Una coppia di turisti, sposini in viaggio di nozze, attraversa la Transilvania. Lei, Veronica, è la bellissima, sinuosa e inquietante Barbara Steele, lui è un amico storico del regista, Ian Ogilvy, con una lunga carriera cinematografica ancora davanti.
Siamo in una Transilvania comunista, i cui abitanti si barcamenano tra piccole beghe e dialoghi sulla proprietà degni di Cuore di Cane di Bulgakov.
I due giovani prendono alla leggera le voci popolari che riguardano una strega del settecento, Vardella, della cui morte ricorre l’anniversario, e che fu trafitta, crocifissa e annegata nel lago. Un flashback di rara crudezza ce la mostra in tutto il suo orrore, ma quello che più colpisce è la violenza degli abitanti del luogo, pronti a farsi giustizia sommaria nel modo più efferato. Dopo una serie di avventure tragico-erotiche, l’ignara coppia, incapace di comprendere la potenza della maledizione che travalica la modernità e si mimetizza tra le sue pieghe, durante un viaggio perde il controllo dell’automobile, e il mezzo precipita nel lago.

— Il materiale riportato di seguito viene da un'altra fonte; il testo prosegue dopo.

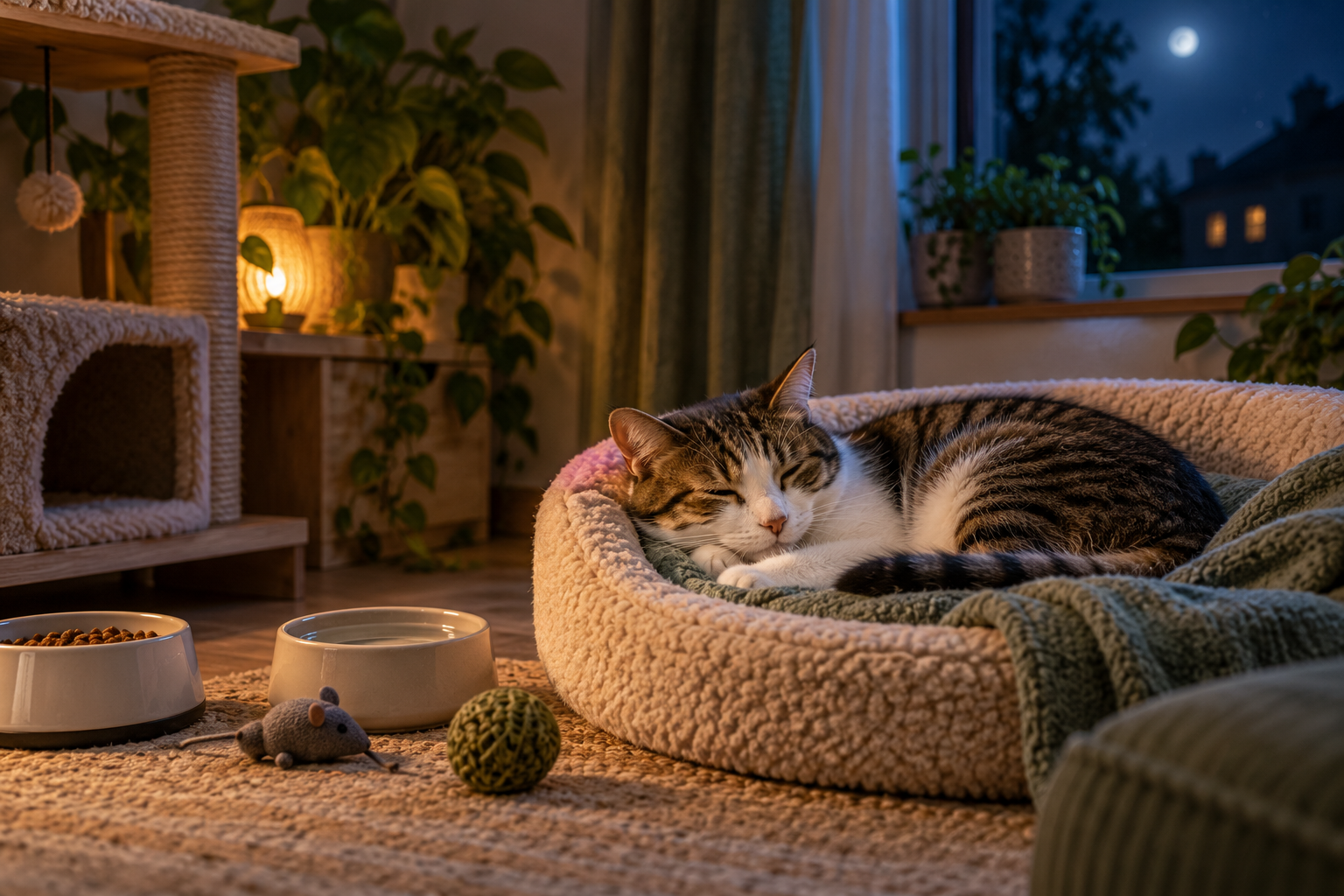 Gato descansando tranquilo por la noche con agua y comida disponibles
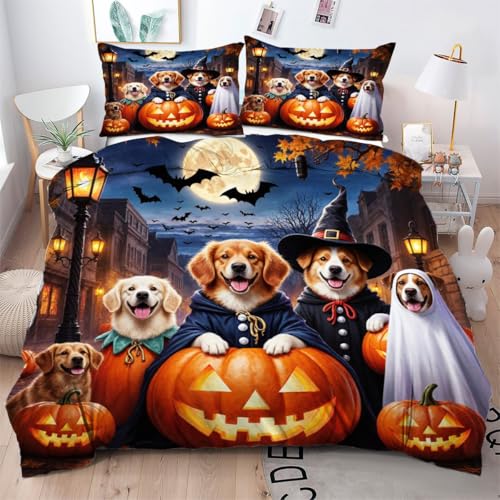 Gumntun Bettwäsche 200×220 cm 3 Teilig Halloween-Hund, Bettwäscheset aus 100% Mikrofaser, Weich und Bügelfrei Steppdeckenbezug mit 2 Kissenbezug 80X80 cm Gumntun Bettwäsche 200×220 cm 3 Teilig Halloween-Hund, Bettwäscheset aus 100% Mikrofaser, Weich und Bügelfrei Steppdeckenbezug mit 2 Kissenbezug 80X80 cm von Gumntun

L’uomo, al volante, si salva, ma al posto della sposina viene tratto dalle acque un corpo orrendamente deturpato.
Il male che affligge la Transilvania non è che il frutto nato da terre già fertili di crudeltà.
Il regista anticipa anche un topos horror che sarebbe diventato ricorrente. Quanti film, negli anni a venire, sarebbero stati connotati da questa situazione on the road, iniziata con un viaggio apparentemente sereno, proprio in auto, intrapreso da una modernità rassicurante (coppie, famiglie, amici), sicura di sè e ingenua, che si ritrova poi fatalmente a fronteggiare misticismo, demoni, mostri e tutto ciò che d’occulto, il contemporaneo, cerca di occultare?
La metamorfosi di Veronika in Vardella sarà compresa solo da un discendente del celebre Van Helsing, un nobile decaduto, raffinato nell’abbigliamento e nei modi ma costretto a vivere in una grotta, visto che il suo castello è stato confiscato. La saggezza antica e l’amore dello sposo saranno gli ultimi avamposti capaci di arginare un Male che dilaga indisturbato per il mondo, come si evince dall’ammiccante finale.
Il lago di Satana (She beast) è un film che se può risultare narrativamente imperfetto, ha molte frecce al suo arco. Intanto fa paura, in modo sotterraneo, insinuante, grazie simbologie arcane disseminate con noncuranza apparente lungo tutta la storia. E grazie alla strega, che è di una bruttezza al limite dell’inguardabile e priva di qualsiasi psicologia, agisce come una belva meccanica, sempre assetata di bambini. Eccessiva, grottesca forse, ma è il Male allo stato puro. La corsa di un bimbo ferito, sanguinante, in fuga e l’immagine un altro steso nella bara, vittima precedente delle sue malefatte, il sangue rosso vivo, fintissimo e al contempo disturbante, ampiamente elargito lungo tutto il film, ci mostrano che anche se si scherza, tra lazzi, inseguimenti buffi e belle scollacciate, si sta facendo sul serio.
Girato in Jugoslavia, con pochissimi mezzi, da un ragazzo poco più che ventenne, Il Lago di Satana è una perla del terrore dimenticata e il preludio di cosa avrebbe potuto fare ancora Michael Reeves, se non fosse morto così prematuramente e misteriosamente.